Human creativity, from daubed cave paintings to YouTube video sensations, is innate. But the internet has ushered in a new era in shared creative enterprise, argues David Gauntlett, allowing the like-minded to foster niche, but nourishing, online communities.
David Gauntlett is a professor of Creativity at the University of Westminster, and the author of several books, including one the everyday creative use of digital media.
He told Saturday Morning that even small instances of creativity can add up - boosting peoples' sense of well-being, which can make a big difference in their lives.
And now the internet has lowered the barrier of entry into many creative arenas, allowing people to share their handiwork - podcasts, YouTube videos, music or craft - to a small, but still meaningful, audience.
"They don't need to have a big audience but they are communicating with like-minded people, which is good, and they are developing a sense of community," Professor Gauntlett says.
"Even if it's only … like 100 people spread across the whole country. If they're able to connect and do stuff that they're interested in then that's really good, and who cares if it isn't getting an audience of hundreds of thousands, which is the older mind-set."
He says there are intrinsic benefits in doing creative things but his research shows the social part is the most powerful.
And although people have been making art and craft since the earliest days of man, the internet has acted as an amplifier and an enabler, connecting like-minded people and allowing them to form ongoing online communities.
"One of the things I found in my research is that people have this need for recognition.
"I think it is part of the human experience that if you are able to show off what you have done to a bunch of people and they like it and give you good feedback, or even if they give you thoughtful critical feedback, that's actually a good thing."
Lego - Serious play
Professor Gauntlett works with Lego, the plastic construction toy manufacturer, on innovation in creativity, play and learning.
He is in New Zealand this month for Victoria University's inaugural Creativity Week, where he will be conducting a Lego workshop for PhD students and deliver a public lecture.
In the workshops, adult participants make physical representations of abstract ideas: their emotions, how they feel about their jobs or how they work as team.
"It is very different from doing some sort of interview or focus group where you just get people talking, he says.

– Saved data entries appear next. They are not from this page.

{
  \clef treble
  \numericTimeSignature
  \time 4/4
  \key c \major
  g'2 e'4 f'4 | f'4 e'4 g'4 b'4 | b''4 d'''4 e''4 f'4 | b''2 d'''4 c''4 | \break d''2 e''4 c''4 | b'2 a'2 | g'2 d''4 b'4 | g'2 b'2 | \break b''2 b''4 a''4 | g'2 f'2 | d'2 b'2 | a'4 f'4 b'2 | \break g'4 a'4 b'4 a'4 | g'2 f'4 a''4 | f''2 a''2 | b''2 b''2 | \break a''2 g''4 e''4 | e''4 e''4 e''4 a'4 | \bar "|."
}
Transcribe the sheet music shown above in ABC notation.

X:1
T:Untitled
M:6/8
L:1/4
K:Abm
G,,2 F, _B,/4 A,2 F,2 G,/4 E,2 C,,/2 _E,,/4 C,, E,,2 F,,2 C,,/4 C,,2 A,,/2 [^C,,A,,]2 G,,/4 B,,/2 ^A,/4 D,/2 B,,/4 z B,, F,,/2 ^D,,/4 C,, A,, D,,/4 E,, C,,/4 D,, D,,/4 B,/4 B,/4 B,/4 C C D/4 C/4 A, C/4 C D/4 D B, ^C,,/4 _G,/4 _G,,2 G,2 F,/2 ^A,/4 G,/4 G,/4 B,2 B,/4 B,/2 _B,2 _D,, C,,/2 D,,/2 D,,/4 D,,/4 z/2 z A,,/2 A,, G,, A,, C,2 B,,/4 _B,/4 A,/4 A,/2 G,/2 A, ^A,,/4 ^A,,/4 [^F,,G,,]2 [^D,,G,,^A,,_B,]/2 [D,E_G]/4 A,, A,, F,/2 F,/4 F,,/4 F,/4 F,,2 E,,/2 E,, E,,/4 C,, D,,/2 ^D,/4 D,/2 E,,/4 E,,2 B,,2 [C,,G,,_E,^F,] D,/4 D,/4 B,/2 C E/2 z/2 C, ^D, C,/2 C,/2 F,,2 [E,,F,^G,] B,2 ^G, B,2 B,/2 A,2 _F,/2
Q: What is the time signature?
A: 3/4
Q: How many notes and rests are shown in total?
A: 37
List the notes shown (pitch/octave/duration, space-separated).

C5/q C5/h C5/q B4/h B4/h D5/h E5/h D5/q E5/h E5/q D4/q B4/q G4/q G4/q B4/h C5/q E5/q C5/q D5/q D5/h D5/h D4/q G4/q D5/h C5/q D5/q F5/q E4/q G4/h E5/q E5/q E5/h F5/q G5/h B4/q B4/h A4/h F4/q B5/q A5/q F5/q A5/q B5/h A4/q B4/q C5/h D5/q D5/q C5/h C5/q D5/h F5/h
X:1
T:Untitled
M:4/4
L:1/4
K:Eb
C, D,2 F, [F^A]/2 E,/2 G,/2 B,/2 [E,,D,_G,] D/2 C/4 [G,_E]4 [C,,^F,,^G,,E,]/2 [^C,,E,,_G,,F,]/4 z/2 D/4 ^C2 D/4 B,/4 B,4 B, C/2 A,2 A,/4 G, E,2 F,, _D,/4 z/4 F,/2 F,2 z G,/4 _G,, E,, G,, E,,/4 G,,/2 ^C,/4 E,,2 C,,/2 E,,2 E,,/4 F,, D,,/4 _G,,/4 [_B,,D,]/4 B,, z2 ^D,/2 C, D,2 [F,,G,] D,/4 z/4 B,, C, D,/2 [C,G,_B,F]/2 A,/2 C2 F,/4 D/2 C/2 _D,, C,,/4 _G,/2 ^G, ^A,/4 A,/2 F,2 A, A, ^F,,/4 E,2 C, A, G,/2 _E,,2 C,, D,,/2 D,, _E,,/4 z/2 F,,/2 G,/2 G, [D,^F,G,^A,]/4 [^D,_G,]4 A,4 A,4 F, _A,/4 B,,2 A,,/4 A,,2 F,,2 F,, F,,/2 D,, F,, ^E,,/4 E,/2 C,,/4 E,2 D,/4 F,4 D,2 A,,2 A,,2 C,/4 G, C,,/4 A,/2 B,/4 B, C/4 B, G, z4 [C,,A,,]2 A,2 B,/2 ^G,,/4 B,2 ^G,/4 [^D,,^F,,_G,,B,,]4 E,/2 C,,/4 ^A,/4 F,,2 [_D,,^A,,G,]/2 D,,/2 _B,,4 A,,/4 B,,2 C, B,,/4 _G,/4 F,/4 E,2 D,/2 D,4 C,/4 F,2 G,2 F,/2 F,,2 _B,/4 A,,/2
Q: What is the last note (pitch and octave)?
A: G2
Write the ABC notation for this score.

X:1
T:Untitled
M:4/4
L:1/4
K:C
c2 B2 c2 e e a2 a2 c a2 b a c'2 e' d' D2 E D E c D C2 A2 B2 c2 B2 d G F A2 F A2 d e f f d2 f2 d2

"And because you're building [something] physically, in 3D, in front of a group of people, you've got this thing you've made that you can talk about. The stories tend to be quite memorable, people open up quite a lot, they tell quite personal stories for some reason.
"Maybe just because it is such a strange thing to be doing, it puts them into a different kind of mind-set."
And although it sounds a little a little kooky there is considerable scientific backing for the approach, from neurobiology, psychology and the Philosophy of Learning, Professor Gauntlett says.
"It connects up a solid body of research. So on the one hand it sounds maybe a bit strange and whimsical but it's actually a serious thing which has very serious purposes," he says.